#### Provided material:
..........
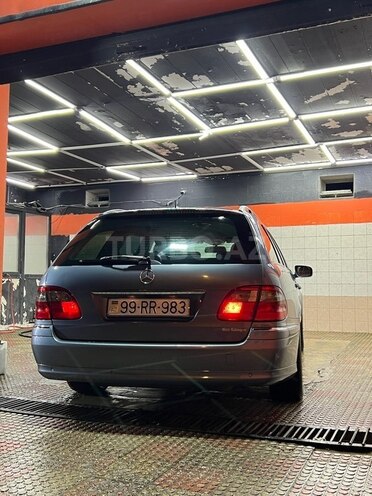 Mercedes E 220-6
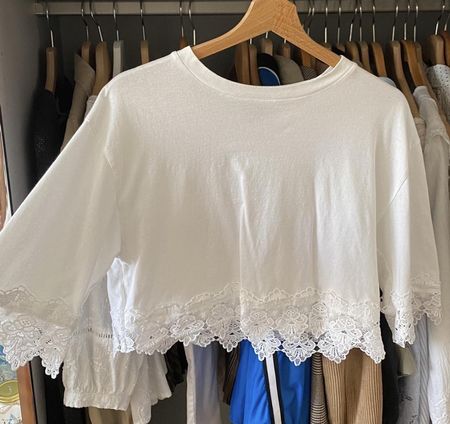Weisses Shirt mit Spitze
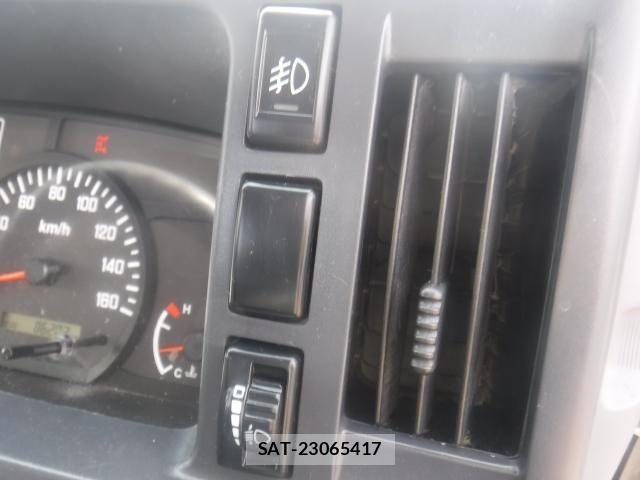 Isuzu ELF TRUCK 2017-11 6276189-27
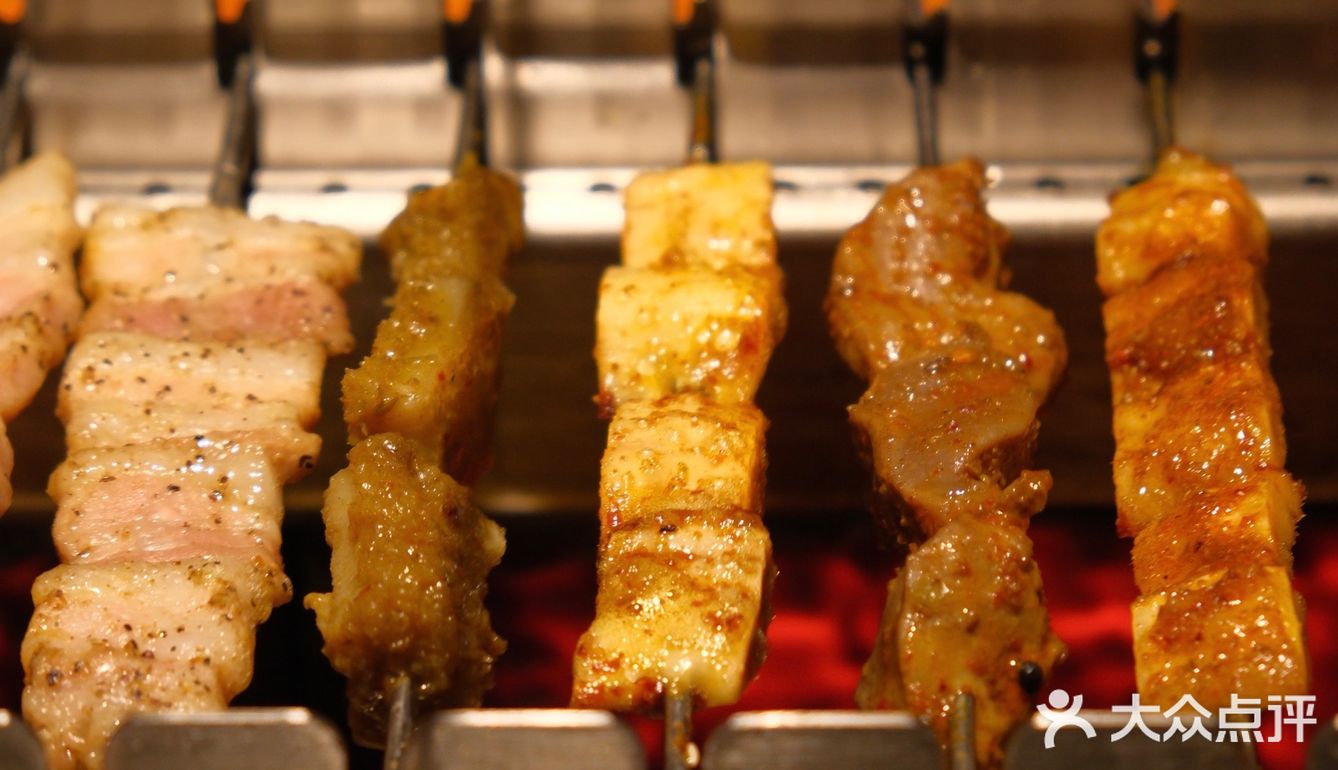 化身草原大汉🐎身临其境体验蒙古风味烧烤🍢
..........
For this exercise, transcribe the data exactly but without its pictures.

#### Answer section:
 Mercedes E 220-6
Weisses Shirt mit Spitze
 Isuzu ELF TRUCK 2017-11 6276189-27
 化身草原大汉🐎身临其境体验蒙古风味烧烤🍢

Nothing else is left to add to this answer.